The measure creates a supplemental surcharge on top of the city's existing real estate transfer tax, a progressive rate ranging from a 24 percent tax on the sale of a property within one year of its purchase to 14 percent if sold between four and five years later.

In addition to levying the tax, the measure would also give the Board of Supervisors the power to waive that tax "subject to certain affordability-based restrictions on the occupancy of the real property," giving the city leverage to expand and preserve deed-restricted affordable housing.

Meanwhile, there's been a flurry of backroom negotiations surrounding the City Housing Balance Requirement measure sponsored by Sup. Jane Kim, which would require market rate housing projects to get a conditional use permit and be subjected to greater scrutiny when affordable housing falls below 30 percent of total housing construction (with a number exemptions, including projects with fewer than 24 units).

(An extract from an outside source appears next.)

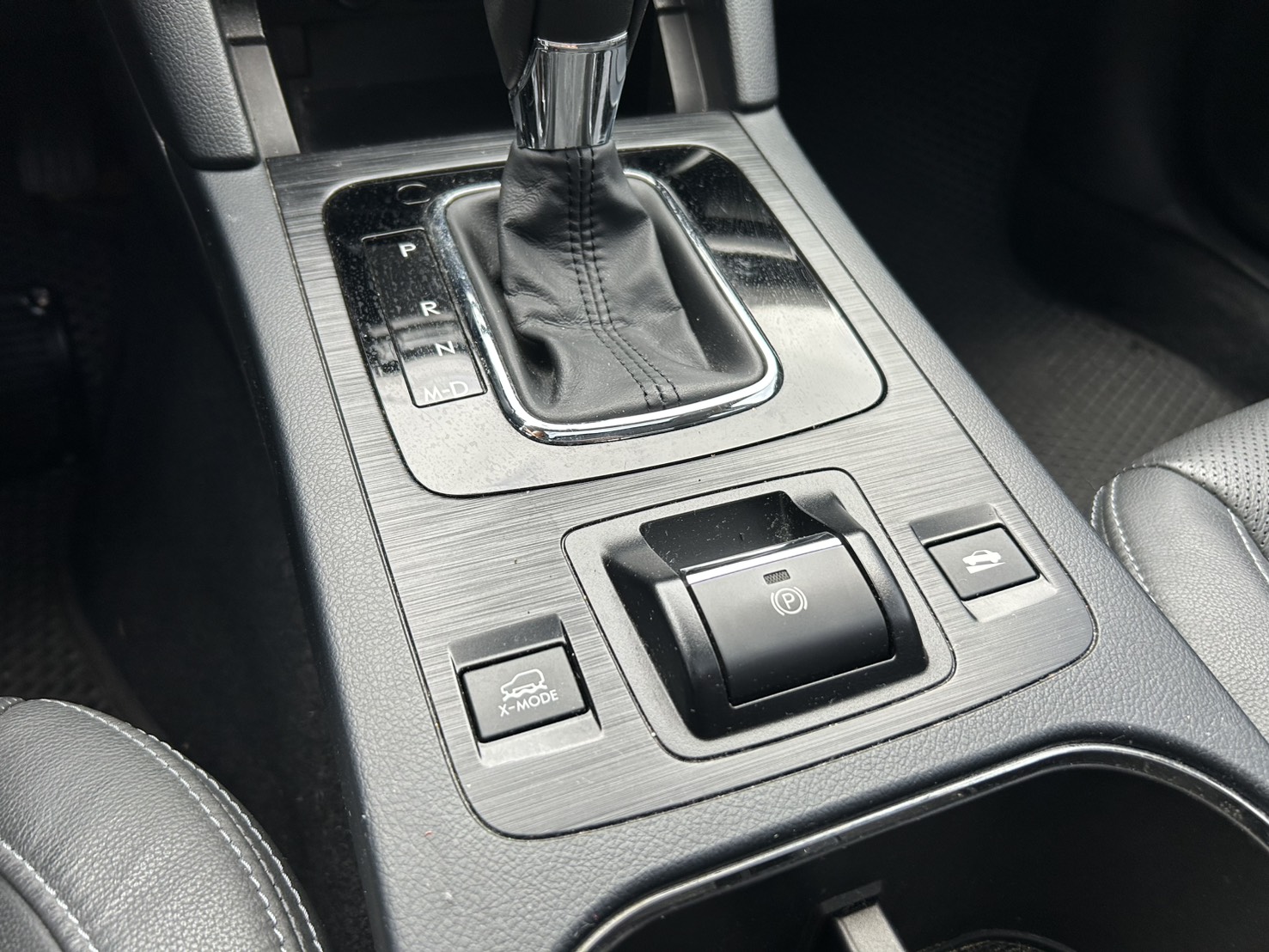 2015年速霸陸 Subaru Outback 2.5L  #跑少僅跑8萬 #原廠保養 #頂配   第11張相片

That measure is scheduled for a hearing by the Rules Committee on July 24 and, as an amendment to the City Charter, it needs six votes by the Board of Supervisors to make the ballot (the anti-speculation tax is an initiative that requires only the four supervisorial signatures that it now has).

Mayor Ed Lee and his allies in the development community responded to Kim's measure by quickly cobbling together a rival initiative, Build Housing Now, which restates existing housing goals Lee announced during his State of the City speech in January and includes a poison pill that would invalidate Kim's housing balance measure.

Together, the measures will draw key battle lines in what has become the defining political question in San Francisco these days: Who gets to live here?

 

COMBATING SPECULATORS

In February, Mayor Lee and his allies in the tech world, most notably venture capitalist Ron Conway, finally joined housing and other progressive activists in decrying the role that real estate speculators have played in the city's current eviction and displacement crisis.

"We have some of the best tenant protections in the country, but unchecked real estate speculation threatens too many of our residents," Lee said in a Feb. 24 press release announcing his support for Sen. Mark Leno's Ellis Act reform measure SB 1439. "These speculators are turning a quick profit at the expense of long time tenants and do nothing to add needed housing in our City."